No Greek character could be farther from this mode of speaking than the hero of the Odyssey. Here he's describing himself after Philoctetes has spurned the request to join Odysseus and Neoptolemus who will return to battle:
I could say much in answer to his claims, if time allowed; but now I can say one thing only. What kind of man the occasion demands, that kind of man am I. [1050] And accordingly, where the judgment at hand is of just and good men, you could find no man more pious than me. 

Never at a loss for words, Odysseus's facility makes him the ideal broker/facilitator. He fluidly goes with whatever role is required of him, rapidly appraises every situation and devises clever solutions to problems most men would find daunting. He continues:

Victory, however, is my inborn desire in every field—save with regard to you. To you, in this case, I will gladly give way. Yes, release him, and lay not another finger upon him. [1055] Let him stay here. We have no further need of you, now that we have these weapons. For Teucer is there among our forces, well-skilled in this craft, as am I, and I believe that I can master this bow in no way worse than you, and point it with no worse a hand. [1060] So what need is there of you? Farewell! Enjoy your strolls on Lemnos! We must be going. And perhaps your onetime prize will bring me the honor which ought to have been your own.

He not only poses as a "winner," but denies the uniqueness of Philoctetes, the actual need of him. If this stubborn man won't do it, we'll find another who can. Of course, he's bluffing -- they do need the actual, one and only Philoctetes. This is the calculating mind of the strategist, pretending that identities are fungible, and individuals matter little as men become pawns on a field of action.

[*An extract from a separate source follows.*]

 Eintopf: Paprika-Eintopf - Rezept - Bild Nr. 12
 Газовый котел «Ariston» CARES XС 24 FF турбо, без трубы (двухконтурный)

It is entirely in keeping with his plan -- to persuade Philoctetes that he must come back with them -- that Odysseus here speaks with pointed cruelty, but still, it's devastating:
. . . what need is there of you? Farewell! Enjoy your strolls on Lemnos! We must be going. 
No wonder in later times Odysseus was often characterized as heartless and false. But he's about more than mere trickery. Ask him and he'll tell you: His larger task is that of the politician who is trying to hold together a social order that's coming apart at the seams. This too is part of who he is, at a level above that of the strategist and broker.

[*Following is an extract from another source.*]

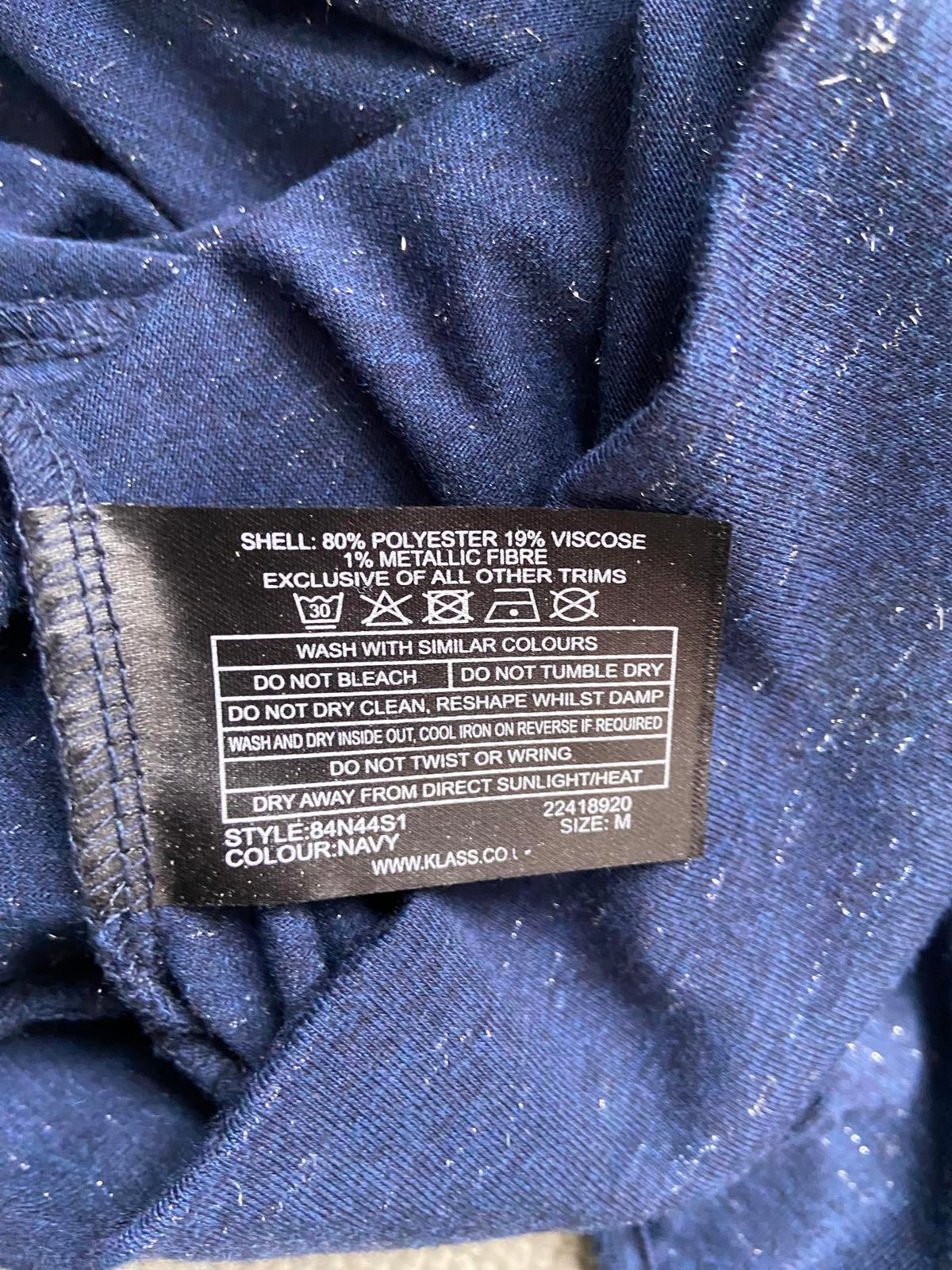 Active K Medium Blue T-Shirt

Let's remember it was Odysseus who captured Helenus and gained the intelligence of how to defeat Troy. For all his machinations, Odysseus is not a traitor to the Greeks as Helenus was to his family and his people. He is tasked with reintegrating the most alienated Greek warrior (more even than Achilles!) for the larger good.

If we put these elements together, we have something like this:

  1. The task of persuading Philoctetes is the action of the play. 
  2. It is complicated by the fact that Odysseus was the perpetrator of the original abandonment of Philoctetes.
  3. Yet Odysseus is the most capable man for the job.
  4. The outcome of the Trojan War, and, possibly, of the Greek world, hangs on whether Philoctetes can be turned around to return and fight for those who threw him away.

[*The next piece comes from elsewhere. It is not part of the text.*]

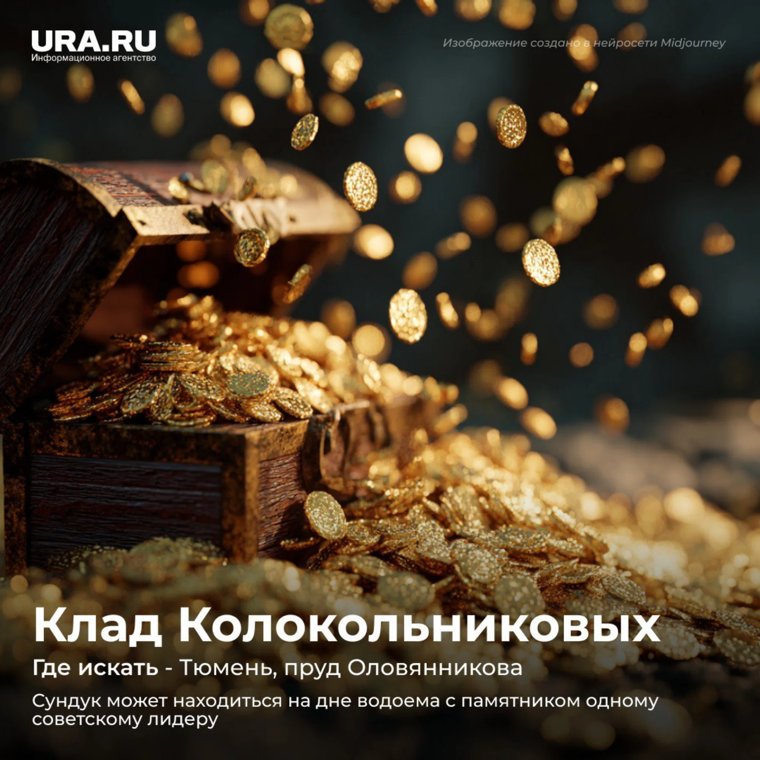 Клад Колокольниковых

In a word, what Sophocles has staged is a duel with everything at stake. If Philoctetes is the immovable object, the power of Odysseus's rhetorical and theatrical skills is the irresistible force. When we look more closely at the play's structure, we'll find the stratagems to persuade Philoctetes are scrupulously explored from every angle.

Over and over, variants of the word for persuasion (πείθω) include power, trust, truth and even obedience. Here's Neoptolemus:

What can I do, then if my pleading lacks power [δυνησόμεσθαto persuade [πείσειν] you of anything that I say? [1395]
τί δῆτ᾽ ἂν ἡμεῖς δρῷμενεἰ σέ γ᾽ ἐν λόγοις  
πείσειν δυνησόμεσθα μηδὲν ὧν λέγω 

Without the use of force, doing and saying are all that Odysseus and Neoptolemus have to work with, aren't they?

The duel of Odysseus and Philoctetes is the agon of truth and lie, of rhetoric and reality. It yields this playwright's mature meditation on the powers and limitations of words, deeds, trust, knowledge and illusion. We'll look at how this plays out in another post.